■ EXERCISE BRIEF
What is needed is an exact copy of the data below, pictures excluded.

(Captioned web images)

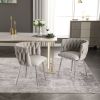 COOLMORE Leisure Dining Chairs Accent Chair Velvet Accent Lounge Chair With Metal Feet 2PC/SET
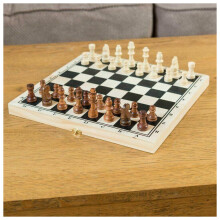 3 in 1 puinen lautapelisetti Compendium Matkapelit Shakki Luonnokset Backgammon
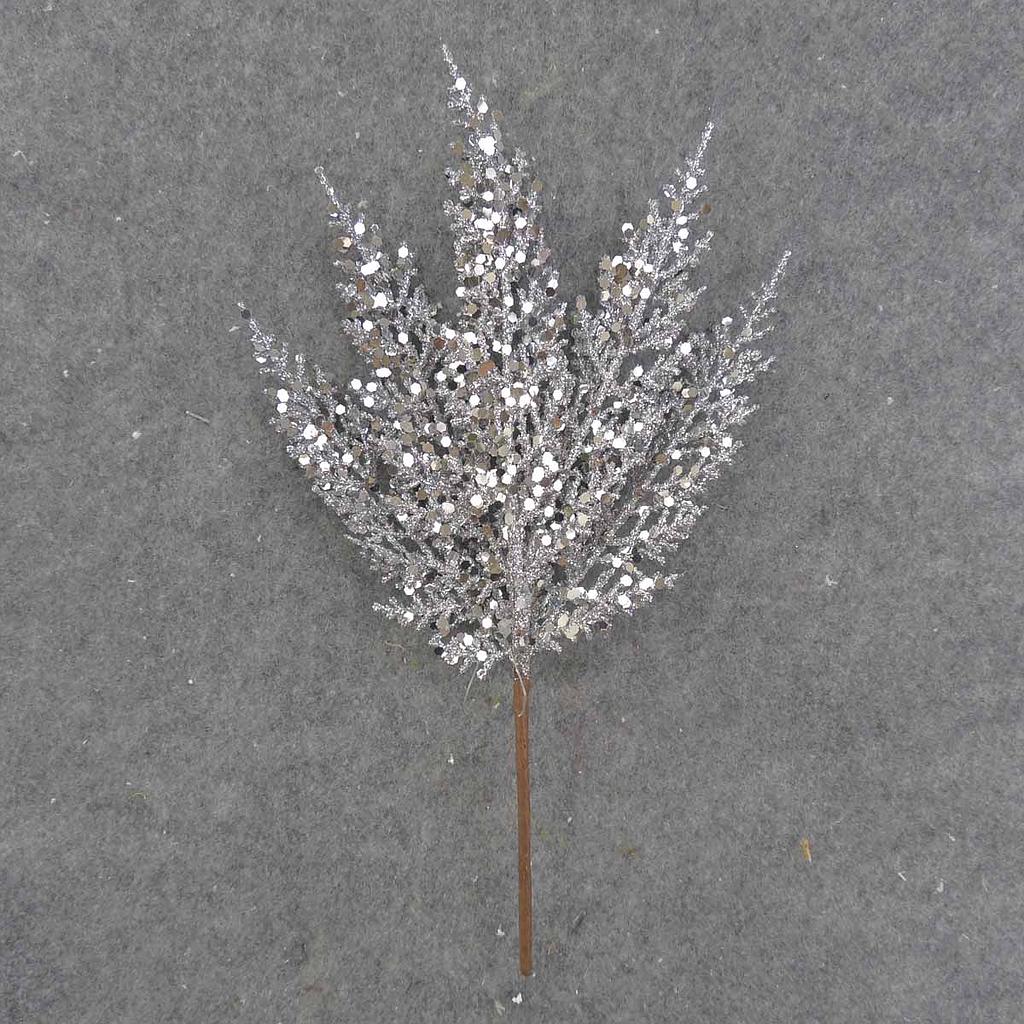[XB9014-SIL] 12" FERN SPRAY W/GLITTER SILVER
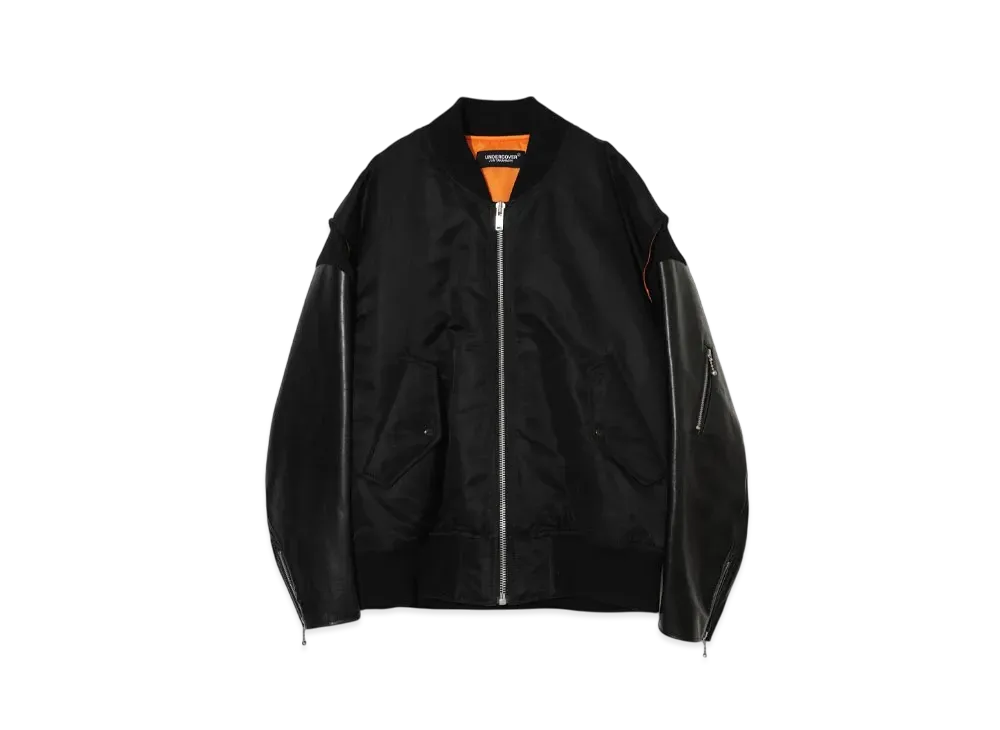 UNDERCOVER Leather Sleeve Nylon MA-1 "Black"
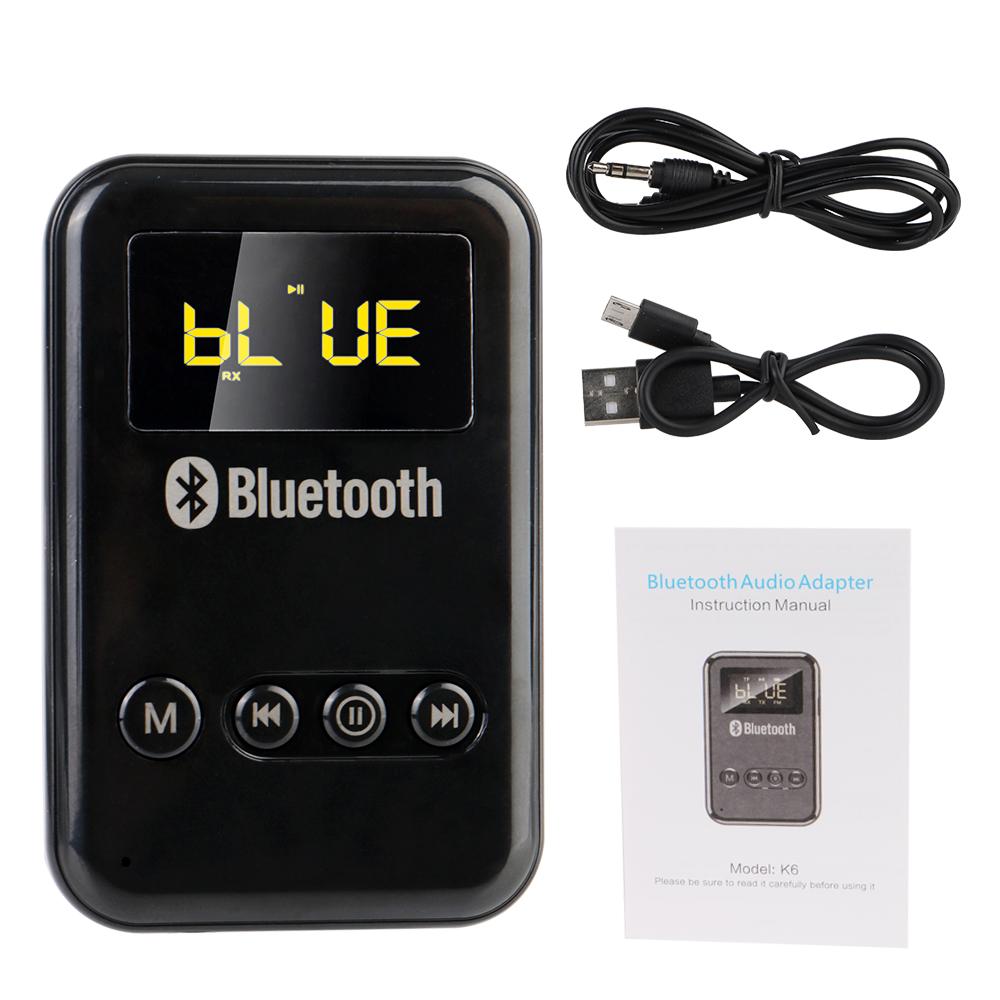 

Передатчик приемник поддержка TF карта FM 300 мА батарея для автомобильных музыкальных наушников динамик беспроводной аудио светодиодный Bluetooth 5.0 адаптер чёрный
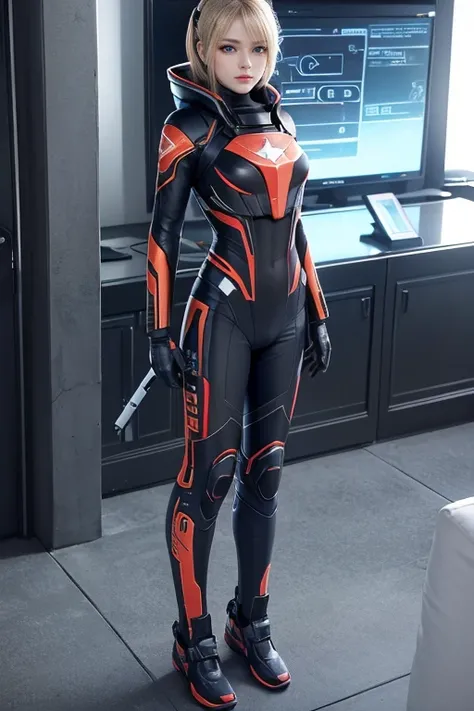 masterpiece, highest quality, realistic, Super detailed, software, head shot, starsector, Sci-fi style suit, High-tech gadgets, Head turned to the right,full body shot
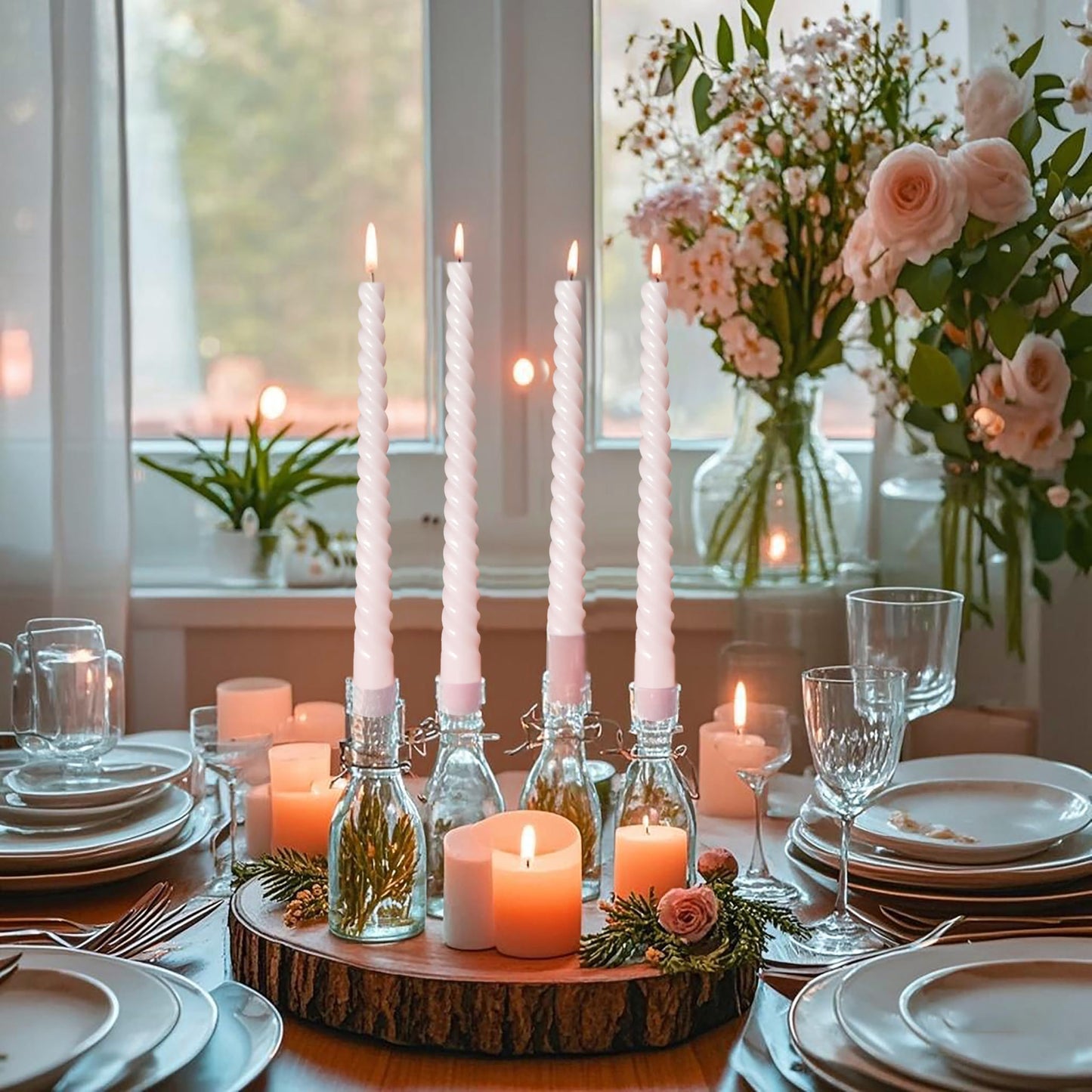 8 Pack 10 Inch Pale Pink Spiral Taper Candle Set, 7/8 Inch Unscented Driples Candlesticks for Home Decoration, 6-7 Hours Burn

■ ANSWER FOR THIS EXERCISE
 COOLMORE Leisure Dining Chairs Accent Chair Velvet Accent Lounge Chair With Metal Feet 2PC/SET
 3 in 1 puinen lautapelisetti Compendium Matkapelit Shakki Luonnokset Backgammon
[XB9014-SIL] 12" FERN SPRAY W/GLITTER SILVER
 UNDERCOVER Leather Sleeve Nylon MA-1 "Black"

Передатчик приемник поддержка TF карта FM 300 мА батарея для автомобильных музыкальных наушников динамик беспроводной аудио светодиодный Bluetooth 5.0 адаптер чёрный
 masterpiece, highest quality, realistic, Super detailed, software, head shot, starsector, Sci-fi style suit, High-tech gadgets, Head turned to the right,full body shot
 8 Pack 10 Inch Pale Pink Spiral Taper Candle Set, 7/8 Inch Unscented Driples Candlesticks for Home Decoration, 6-7 Hours Burn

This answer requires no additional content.